The implementation is a standalone library which can be used in any Java 1.5 environment. It can take full advantage of multiprocessor (SMP or NUMA) systems, and may be scaled sideways - since the interpreter and environment are stateless, an entire cluster of machines may run the interpreter in parallel without any requirement for synchronization.
Traditional, sequential programs are lists of instructions, executed in order. If an instruction needs CPU, disk or network resources, it must wait until the resource is available before continuing. Network latency, for example, is highly unpredictable and can create terrible performance problems for sequential programs. While it is possible to write complex sequential programs which optimize resource usage, it is well beyond the ability of the naive programmer. The DP language is designed to solve this problem by making parallel programming easy.
DP Programs are workflows, that is, they may be represented graphically using a boxes-and-arrows notation. In the DP language, every operation executes concurrently, whenever the necessary resources are available. This means that operations which would hold up execution waiting for resources in a traditional sequential language do not slow down a DP program at all.

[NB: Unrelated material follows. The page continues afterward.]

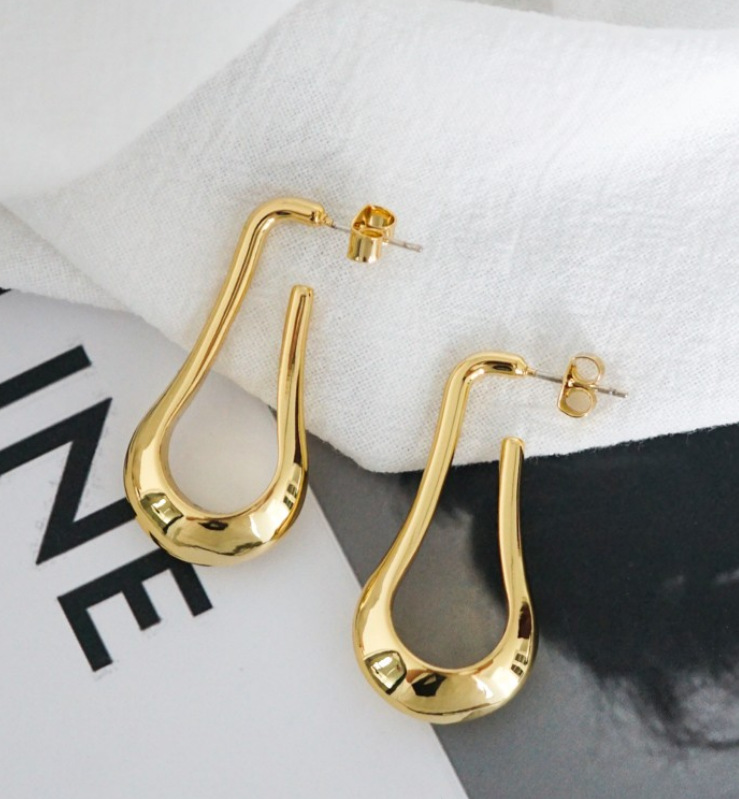 Simple Style Solid Color Titanium Steel Plating Earrings display picture 1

We chose to make our source language almost identical with GraphViz, which builds this same textual representation into JPEG or other images. Debugging output from the interpreter is also in GraphViz format, and may be easily rendered and read without deep understanding of the machine.
The core language, documented here, includes some basic operators for processing and network operations. Additional operators are easy to develop using the framework provided.
The entire interpreter is provided as an API. It may be executed on the commandline, using a job server (available, but not documented here), embedded in a query server (also available, but not documented here), an RPC daemon (under development) or anywhere else that it may be useful. It consumes no resources when idle, and only those resources specified when active.
While in informal workflows, arrows may be implicitly typed or may simply indicate a relation, the DP language permits explicit typing of each arrow. Any Java type may be used; the DP interpreter does not have to be made aware of every type in the system, although it can make certain inferences about types if they are registered. If types are specified, programs may be typechecked at compile-time.